== YOUR GOAL ==
Repeat the lines below exactly as they appear, but leave out the images.

== THE DATA ==
----

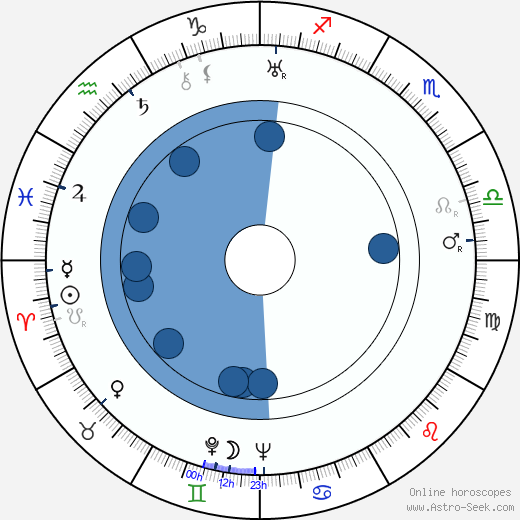 Ben Renvall wikipedia, biography, birth chart, instagram Ben Renvall wikipedia, horoscope, astrology, instagram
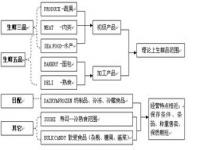 超市经营范围有哪些_超市经营范围有哪些营业执照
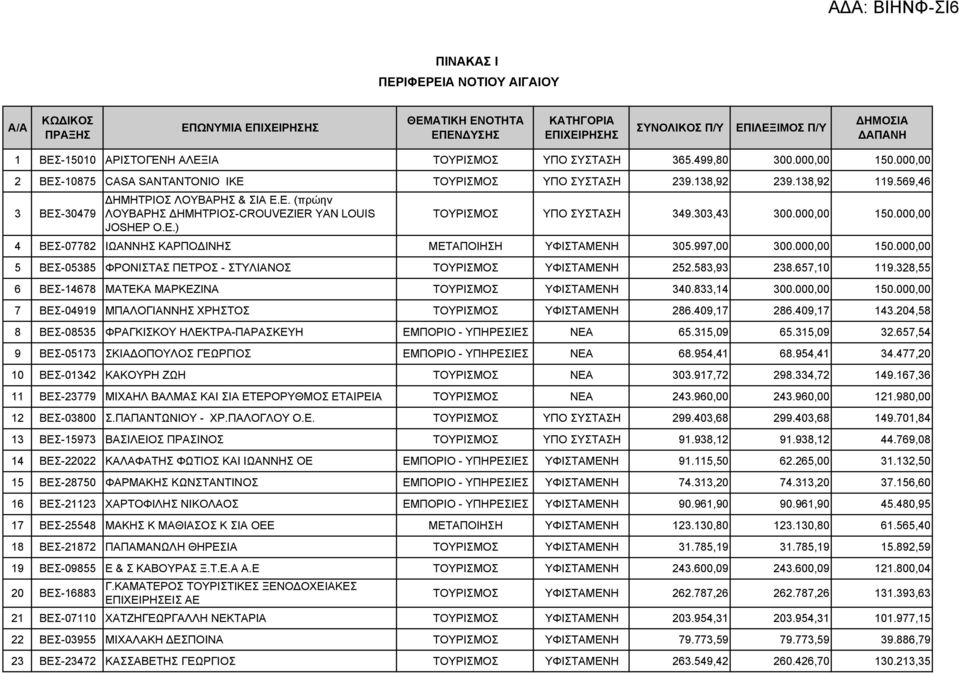 303,43 300.000,00 150.000,00 JOSHEP O.E.) 4 ΒΕΣ-07782 ΙΩΑΝΝΗΣ ΚΑΡΠΟΔΙΝΗΣ ΜΕΤΑΠΟΙΗΣΗ ΥΦΙΣΤΑΜΕΝΗ 305.997,00 300.000,00 150.000,00 5 ΒΕΣ-05385 ΦΡΟΝΙΣΤΑΣ ΠΕΤΡΟΣ - ΣΤΥΛΙΑΝΟΣ ΤΟΥΡΙΣΜΟΣ ΥΦΙΣΤΑΜΕΝΗ 252.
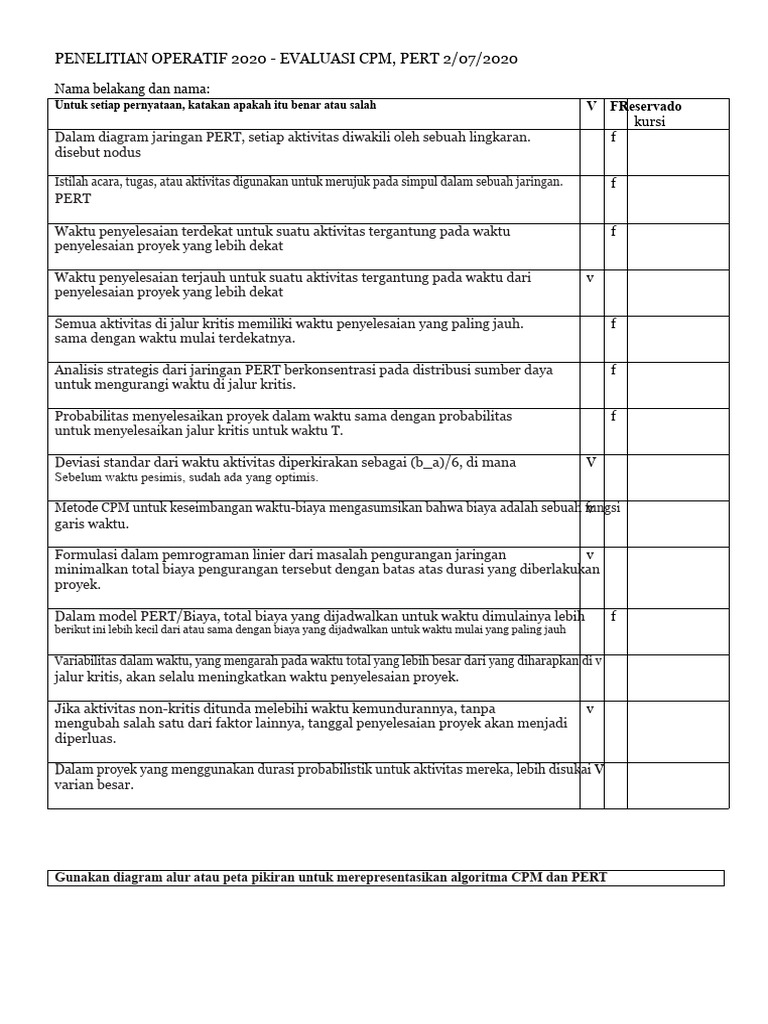 Evaluasi CPM PERT | PDF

----

== ANSWER SPACE ==
 Ben Renvall wikipedia, biography, birth chart, instagram Ben Renvall wikipedia, horoscope, astrology, instagram
 超市经营范围有哪些_超市经营范围有哪些营业执照
 303,43 300.000,00 150.000,00 JOSHEP O.E.) 4 ΒΕΣ-07782 ΙΩΑΝΝΗΣ ΚΑΡΠΟΔΙΝΗΣ ΜΕΤΑΠΟΙΗΣΗ ΥΦΙΣΤΑΜΕΝΗ 305.997,00 300.000,00 150.000,00 5 ΒΕΣ-05385 ΦΡΟΝΙΣΤΑΣ ΠΕΤΡΟΣ - ΣΤΥΛΙΑΝΟΣ ΤΟΥΡΙΣΜΟΣ ΥΦΙΣΤΑΜΕΝΗ 252.
 Evaluasi CPM PERT | PDF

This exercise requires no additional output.